Re: Osgood Schlatter Disease
Hi
could you explain your symptoms,please
Yaro
Re: Osgood Schlatter Disease
Yeah sure, the bump below my right knee cap get's sore occasionally especially after I do lots of running, which I don't to very often because of this, by the cold or if I keep my knee in a flexed position for an extended period of time... it's not really painful unless I knock on it something, most of the time I forget about it.. it's just occasionally it will get sore, but not unbearably sore
Although It doesn't get sore when I do pistol squats, I want to make sure it's safe to do
I also got a 5cm scar medial and inferior to the bump whilst a had OS 2 years ago, would a scar in close proximity to OS affect my recovery?
Re: Osgood Schlatter Disease
Hi
I think U can do pistol squats, if thay dont aggrevate your symptoms. can do ice cube massage on the attachment (the bump) if gets sore.
take care
Yaro
Re: Osgood Schlatter Disease
I've found foam rolling can be a great symptom reducer with OS. The muscles get tight and shortened, through various activities, thus the tendon attachment gets strained because of the increased tension, then the bone grows to try to bridge the gap and ease the pressure. Decreasing aggravating activities does help and is the traditional approach. Foam rolling is awesome because it can loosen up those tight quads and let you get on with it.
Hmm...good resources. Fitter First has a handout somewhere. And Youtube has oodles of vids of foam rolling routines. You can also play with the angle of the quads, turning slightly to the left and right focussing on one quad more than the other.
The foam roller is a great tool even if you had no OS and were simply an athletic person needing a method to loosen up the muscles, reducing those muscle knots that build up.

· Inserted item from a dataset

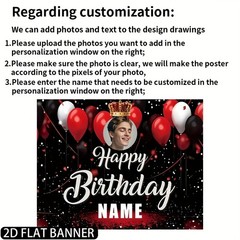 1pc 2D Theme Personalized Birthday Custom Poster Custom Text Photo Party Decor❀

Re: Osgood Schlatter Disease
at 20 you are 'growing out' of OS now, if that is what you had, it shouldn't bother you once you stop, whcih may be now. regradless the management for OS is do it if it doesnt hurt, but rest when it does. you will need to do eccentric patella tendon loading to strengthen the area and this is safe as long as pain free. agree with others, release the tight stuff, and ice cube massage or ice the area if it is sore following the exercise. be patient load it up gradually over 6-8 weeks. 3x10, 1 x day; then 3x10, 2 x day; then 3x10, 3 x day, then increase to 3x15, 3x20 etc. then increase speed - you may have to get taught how to do these but may be instructions on the net too.